They cuddle, groom, get pissed off, fight, and make up.

Just like us. 

From my repose sipping my cool bevvy, the Ganges unfolds against the backdrop of the foothills of the Himalayas like a postcard.

The turquoise water is wide across, maybe a kilometer, broad as the Mississippi.

This time of year, not monsoon season, the current is said to be less robust.

But even so, the river rafters float past ever so quickly.

Late afternoon finds the monkeys heading to wherever they go for the night, the trees, I suppose.

I hear them before I can see them, the screeches and howls telling me they are fighting as they scramble along the steel cables running beneath the incomplete pedestrian bridge of Laxman Jhula.

They are so agile, running and swinging beneath the bridge with great ease and dexterity. 

Something glaringly apparent in India is you never know where your day is headed.

Today, for example, I received word there is a cyclone hitting Chennai, the city I am flying to tomorrow.

Well, hopefully flying to.

Being flexible and open to what comes is not just a Shanti vibe, it's a necessary life skill.

Things change, often and quickly.

You're supposed to go to lunch with your friend, but then your guru offers a teaching, and there is no way you would miss it.

Oops, this is not a story about a guru, don't know how she slipped in.

"Look at the monkeys," I say to Livia, who's joined me at the cafe.

We look across the river, where the light softens to early evening, the sun dripping down behind the foothills, casting angelic and blissful golden light.

Yeah, for real, I just used the word angelic to describe a place. I promise I'm not enlightened. 

At first, the light shining between the tiny hand and the bridge is slight. 
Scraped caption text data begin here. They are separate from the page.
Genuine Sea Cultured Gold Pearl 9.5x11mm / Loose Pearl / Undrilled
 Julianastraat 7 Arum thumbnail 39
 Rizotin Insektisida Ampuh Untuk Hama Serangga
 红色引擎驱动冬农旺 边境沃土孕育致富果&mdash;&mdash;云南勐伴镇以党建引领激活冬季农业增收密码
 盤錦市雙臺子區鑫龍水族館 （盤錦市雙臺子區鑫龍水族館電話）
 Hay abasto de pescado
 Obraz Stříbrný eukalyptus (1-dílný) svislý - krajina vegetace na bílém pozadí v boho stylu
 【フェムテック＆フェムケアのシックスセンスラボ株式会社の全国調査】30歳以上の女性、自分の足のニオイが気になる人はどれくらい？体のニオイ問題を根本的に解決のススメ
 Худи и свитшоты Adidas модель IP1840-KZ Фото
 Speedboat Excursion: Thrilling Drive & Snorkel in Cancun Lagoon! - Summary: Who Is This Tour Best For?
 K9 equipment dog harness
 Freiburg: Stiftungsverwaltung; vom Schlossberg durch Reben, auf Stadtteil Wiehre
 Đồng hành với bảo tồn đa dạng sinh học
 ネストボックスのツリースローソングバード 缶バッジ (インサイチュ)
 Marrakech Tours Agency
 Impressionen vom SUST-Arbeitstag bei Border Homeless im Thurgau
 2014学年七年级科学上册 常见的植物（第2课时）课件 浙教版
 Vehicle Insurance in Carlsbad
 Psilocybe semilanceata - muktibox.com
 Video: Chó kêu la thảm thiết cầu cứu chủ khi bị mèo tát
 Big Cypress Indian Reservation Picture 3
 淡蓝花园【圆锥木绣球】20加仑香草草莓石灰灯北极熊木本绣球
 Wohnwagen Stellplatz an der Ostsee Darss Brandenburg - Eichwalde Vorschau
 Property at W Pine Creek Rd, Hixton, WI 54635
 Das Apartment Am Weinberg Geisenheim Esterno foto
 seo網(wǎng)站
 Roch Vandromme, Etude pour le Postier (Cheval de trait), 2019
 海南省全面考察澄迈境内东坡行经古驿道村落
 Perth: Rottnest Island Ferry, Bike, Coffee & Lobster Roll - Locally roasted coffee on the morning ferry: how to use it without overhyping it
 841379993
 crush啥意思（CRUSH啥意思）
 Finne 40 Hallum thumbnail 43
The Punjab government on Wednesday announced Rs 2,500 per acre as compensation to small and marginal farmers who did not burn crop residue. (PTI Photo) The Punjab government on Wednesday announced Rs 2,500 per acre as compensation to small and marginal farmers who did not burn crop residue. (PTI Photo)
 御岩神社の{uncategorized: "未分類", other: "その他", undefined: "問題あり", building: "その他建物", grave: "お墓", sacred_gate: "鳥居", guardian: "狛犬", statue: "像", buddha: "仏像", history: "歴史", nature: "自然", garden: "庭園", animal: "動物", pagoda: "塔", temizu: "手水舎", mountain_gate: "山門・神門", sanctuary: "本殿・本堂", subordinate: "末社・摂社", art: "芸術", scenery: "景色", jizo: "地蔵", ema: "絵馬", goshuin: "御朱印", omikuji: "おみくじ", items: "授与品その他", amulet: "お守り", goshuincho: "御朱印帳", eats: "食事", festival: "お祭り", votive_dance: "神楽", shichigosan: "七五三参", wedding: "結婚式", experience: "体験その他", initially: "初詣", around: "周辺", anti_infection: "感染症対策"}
The monkey's paw grabs for the wire now inches above its head, just out of reach. 

But with each millisecond, the clear space around the small brown body increases. 

Twisting, the monkey falls, still reaching, trying to regain purchase. 

Slow motion, a body spinning through air, dark against the sky. 

Light in our eyes, it could be a bird disappearing from view beneath the cafe's railing.

We don't see the monkey hit the water.

We are too far away to hear the splash, and wouldn't anyway over the river's roar.

But there is only one place to go: the blue-green bejeweled Goddess Ganga.

Seconds, no more than four, have passed in the cafe. 

"Did you…" Livia's question trails off.

I nod.

Certainly, I've seen things die before, but this, the clear blue of the air, the small brown body with which I share DNA spiraling and tumbling, is nothing like this.

Something aches in my gut. 

One hundred fifty feet above the current, the other monkeys fall silent.

They've lost one of theirs, likely forever.

Livie and I sit quietly, too, private grief or recognition sweeping through us both.

We both know loss like this: sudden, catastrophic, final. 

In bed that night, I will replay the image again and again.

Perhaps monkeys can swim, I think. 

But I think of my body in the river's swift current, anchored by a heavy chain to keep from being swept away as I make a pilgrim's bath, and know the truth. 

Even if somehow the monkey managed to find an edge and cling to a bank, it would be miles from here, from its tribe.

Can a monkey survive without its family group?

Could it find a new family, if their old one is gone, lost to the flow of time, the current of the river?

Some days it's like this.

You are going one way, fighting and fussing.

Maybe your attention is distracted, and you misstep, or the solidity of the bridge is less than you thought.

Or perhaps the Goddess decides this is your moment.

Then you are in the river, sink or swim. FYI, Glitter Joyride will be on vacation until January, 2025.

If you have topics you want to read about, send me a message.

I’ll be dreaming into what I want this space to be in the coming year.

I'd love to hear from you.

And until we meet in the new year, I send you sparkle and pleasure.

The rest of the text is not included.